The Elephant in the Room

The Museums Association (MA) recently held their annual Conference and Exhibition at the EICC. Reported to be the largest gathering of museums and heritage professionals in Europe, it showcases  suppliers, hosts workshops and various meetings. Darren Mann of the HEC was there as a speaker to present a talk entitled ‘The Elephant in the Room‘ which tackles some of the difficult questions that are currently being raised about the future of natural history collections in the UK.

Elephant hawkmoth, Lepidoptera, Sphingidae, Deilephila elpenor
Elephant hawkmoth, Deilephila elpenor

What questions are those? Well, here is the background in a nutshell :

“Natural history collections are under threat but are vital for taxonomic research, environmental monitoring and education.
The number of specialist curators is declining, so should collections be redistributed to centres of excellence or are there other solutions for orphaned collections?”

The main question that is raised by this is- How do we prevent the loss of these collections? and it is one that is very much on the minds of all natural history curators at the moment as we hear of more collections being ‘moth-balled’ (put away into storage) and the loss of curators through redundancies or down-sizing, leaving many collections without people to care for them, interpret them or make them available for research.

The biggest threat of course, comes to the collections themselves which may become damaged or lost altogether through poor storage and lack of care.
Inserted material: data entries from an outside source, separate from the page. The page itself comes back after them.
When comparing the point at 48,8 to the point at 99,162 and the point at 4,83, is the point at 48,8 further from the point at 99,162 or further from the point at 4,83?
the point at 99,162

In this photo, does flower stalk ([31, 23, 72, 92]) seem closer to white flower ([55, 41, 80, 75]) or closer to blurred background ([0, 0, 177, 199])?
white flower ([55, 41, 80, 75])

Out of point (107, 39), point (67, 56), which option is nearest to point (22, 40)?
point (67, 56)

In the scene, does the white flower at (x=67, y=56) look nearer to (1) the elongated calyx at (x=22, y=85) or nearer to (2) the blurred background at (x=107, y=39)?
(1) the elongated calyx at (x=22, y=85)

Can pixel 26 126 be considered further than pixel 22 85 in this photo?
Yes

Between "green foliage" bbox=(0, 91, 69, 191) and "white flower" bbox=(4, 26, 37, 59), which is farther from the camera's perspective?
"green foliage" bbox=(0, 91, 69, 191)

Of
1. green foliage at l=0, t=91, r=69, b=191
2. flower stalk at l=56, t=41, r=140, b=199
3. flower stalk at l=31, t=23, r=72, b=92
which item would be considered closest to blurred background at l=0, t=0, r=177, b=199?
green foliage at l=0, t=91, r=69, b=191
For example, any item with fur, feather or chitin (e.g. taxidermy mounts or insect specimens) are open to attack from a host of pests including the one most reviled by curators, Anthrenus, which whilst being a rather pretty little beetle, views an insect collection as an assemblage of tasty snacks.
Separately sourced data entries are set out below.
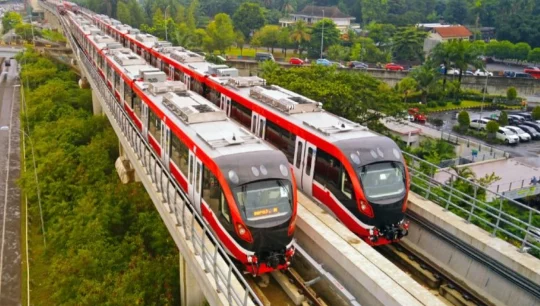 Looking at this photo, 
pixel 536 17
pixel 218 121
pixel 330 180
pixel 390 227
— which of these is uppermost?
pixel 536 17

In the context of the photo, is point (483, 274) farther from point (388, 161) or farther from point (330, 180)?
point (330, 180)

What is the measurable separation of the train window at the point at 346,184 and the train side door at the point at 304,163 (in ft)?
5.13

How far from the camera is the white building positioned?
330 feet

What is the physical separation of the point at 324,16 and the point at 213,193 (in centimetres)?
9195

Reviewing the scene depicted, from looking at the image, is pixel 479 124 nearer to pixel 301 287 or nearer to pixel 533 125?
pixel 533 125

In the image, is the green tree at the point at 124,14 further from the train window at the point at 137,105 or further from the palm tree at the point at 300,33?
the train window at the point at 137,105

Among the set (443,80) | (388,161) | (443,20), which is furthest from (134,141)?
(443,20)

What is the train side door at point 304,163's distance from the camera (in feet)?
52.1

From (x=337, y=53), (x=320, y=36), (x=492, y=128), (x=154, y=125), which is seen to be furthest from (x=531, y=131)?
(x=320, y=36)

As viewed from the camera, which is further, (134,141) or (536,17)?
(536,17)

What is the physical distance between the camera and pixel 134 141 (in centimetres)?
2067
Anthrenus verbasci, Coleoptera, Dermestidae, beetle, insect
The Varigated Carpet Beetle, Anthrenus verbasci (Linnaeus, 1767).
Anthrenus, Coleoptera, Dermestidae, beetle, insect, damage
An example of the damage that Anthrenus can cause to an insect collection. This level of damage can occur within 2-4 years of a collection being ‘moth-balled’ if it is not in secure pest-proof storage or being regularly checked by a trained curator.
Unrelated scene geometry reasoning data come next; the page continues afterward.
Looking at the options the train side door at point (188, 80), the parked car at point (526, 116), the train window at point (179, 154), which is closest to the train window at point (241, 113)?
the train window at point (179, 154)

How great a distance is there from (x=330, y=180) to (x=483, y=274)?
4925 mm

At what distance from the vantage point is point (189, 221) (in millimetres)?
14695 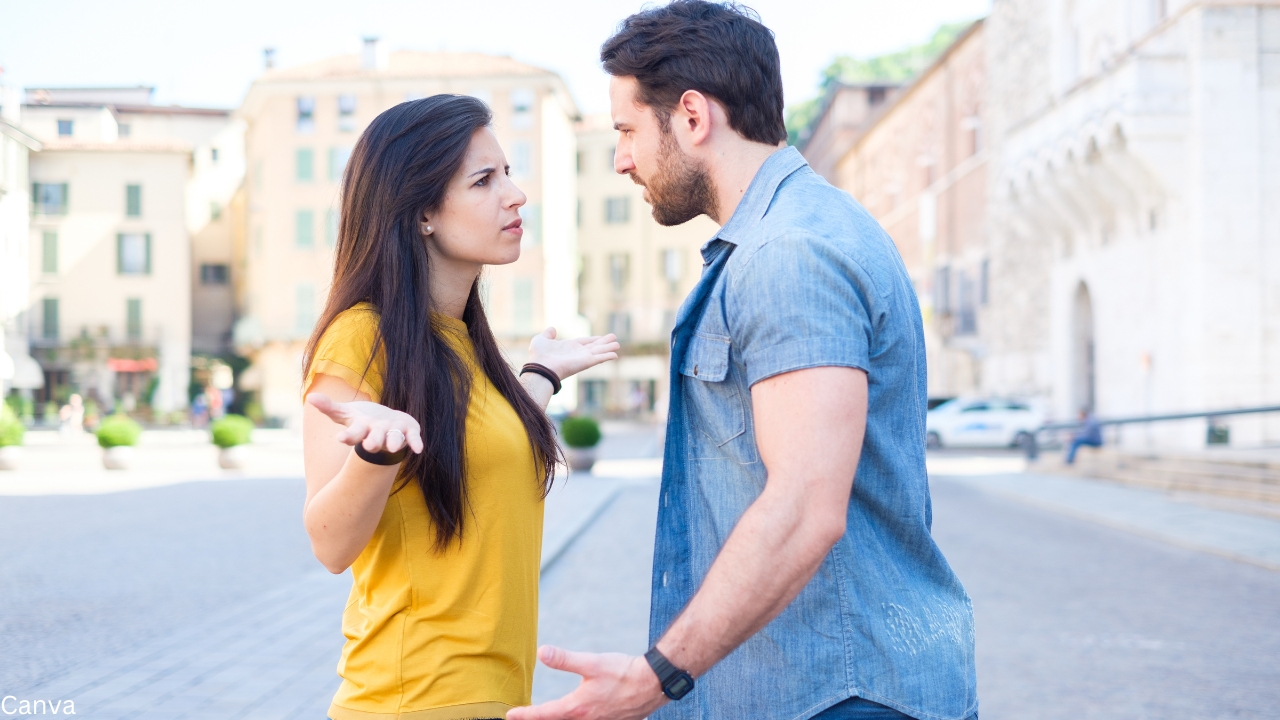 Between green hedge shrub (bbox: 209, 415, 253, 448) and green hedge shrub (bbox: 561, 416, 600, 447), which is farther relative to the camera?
green hedge shrub (bbox: 209, 415, 253, 448)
In a round up of the problems associated with deciding the future of these collections, Darren Mann pointed out that despite their huge popularity with the general public there has been a movement in the museums sector away from natural history and towards the arts and social sciences. To put some perspective on this, the Ashmolean Museum recently spent £7.83 million on Edouard Manet’s Portrait of Mademoiselle Claus. For the same amount of money the entire UK entomological collections* of over 10 million specimens could have been re-housed and systematically arranged in modern pest proof storage.
The Museums Association will be holding a ‘Vox Pop’ later this week to try and gain some insight into this situation. See the Museums Journal on-line for more information.
See here for a wider view on museum closures across the sector.
*Outside of National and University Museums. 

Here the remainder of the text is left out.